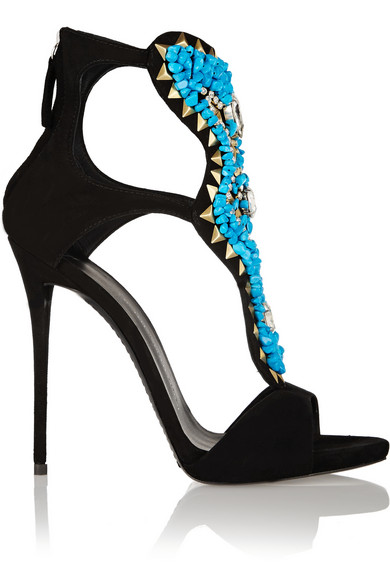 GIUSEPPE ZANOTTI BLACK SUEDE TURQUOISE EMBELLISHED STILETTO SANDALS ...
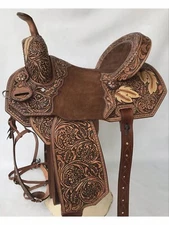 Western Barrel Racing Horse Saddle Premium Leather  with tack set 10'' to 18' in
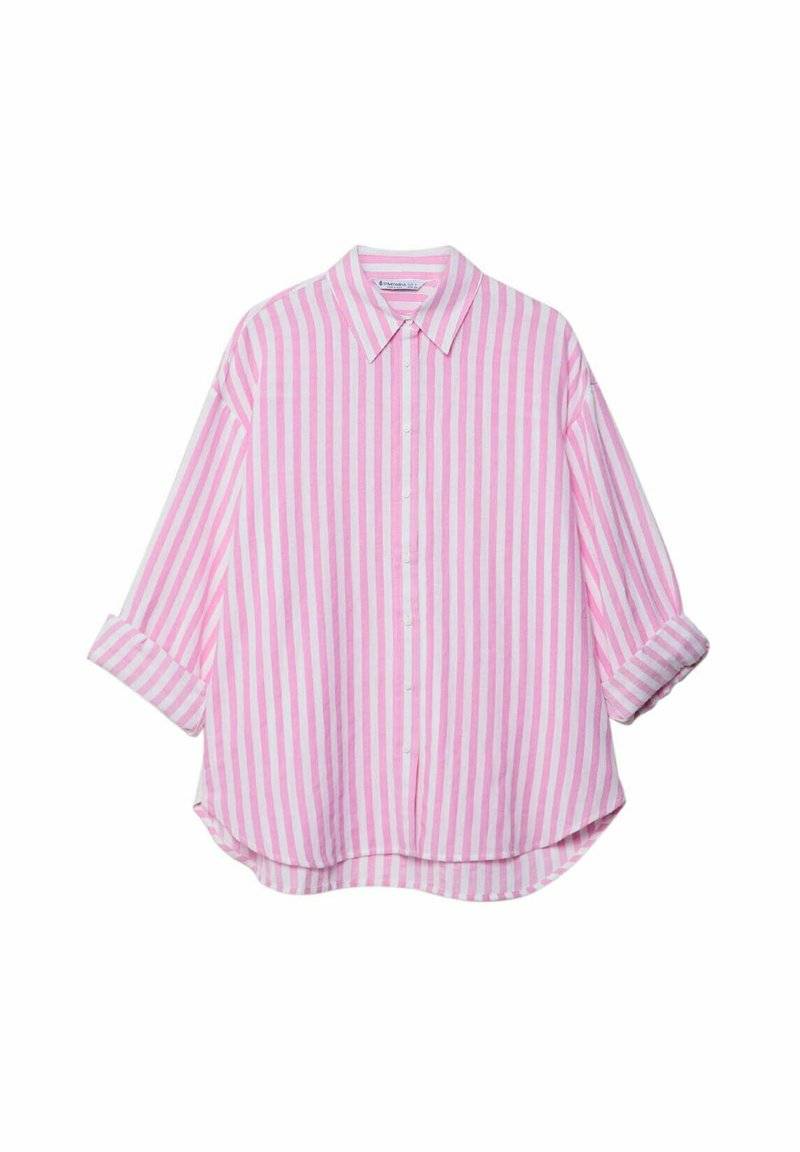 Stradivarius Stradivarius STRIPED - Button-down blouse - light pink Riesige Rabatte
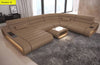 Classic And Modern Sectional Leather Sofa Set With Led Lights / Lixra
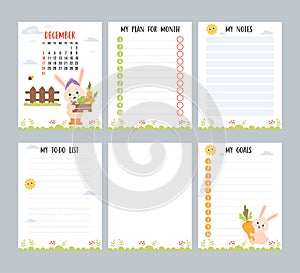 December 2023. Monthly calendar planner with cute rabbit farmer harvesting vegetables. Set vertical page templates to-do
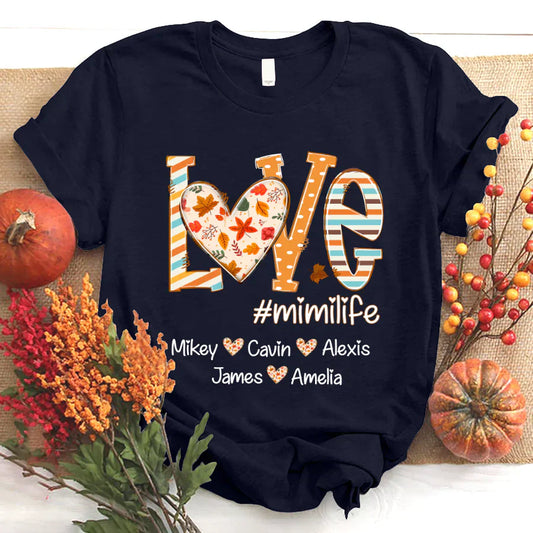 Love mimi life autumn with grandkids T-Shirt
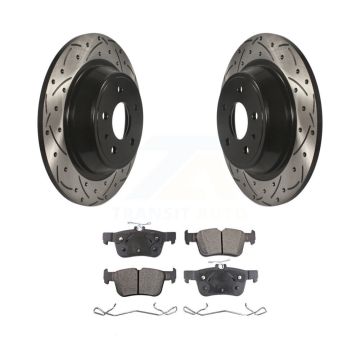 Rear Coated Drilled Slotted Disc Brake Rotors Ceramic Pad Kit For Ford Fusion Lincoln MKZ KDT-100467
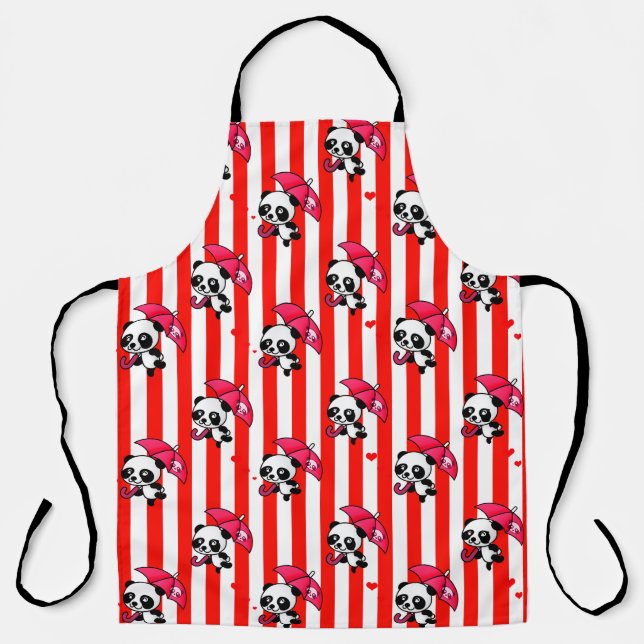 Red White Stripes Cute Apron (Front)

BRIEF
Copy every record above exactly as written, but leave out the pictures.

SOLUTION BELOW
 GIUSEPPE ZANOTTI BLACK SUEDE TURQUOISE EMBELLISHED STILETTO SANDALS ...
 Western Barrel Racing Horse Saddle Premium Leather  with tack set 10'' to 18' in
 Stradivarius Stradivarius STRIPED - Button-down blouse - light pink Riesige Rabatte
 Classic And Modern Sectional Leather Sofa Set With Led Lights / Lixra
 December 2023. Monthly calendar planner with cute rabbit farmer harvesting vegetables. Set vertical page templates to-do
 Love mimi life autumn with grandkids T-Shirt
 Rear Coated Drilled Slotted Disc Brake Rotors Ceramic Pad Kit For Ford Fusion Lincoln MKZ KDT-100467
 Red White Stripes Cute Apron (Front)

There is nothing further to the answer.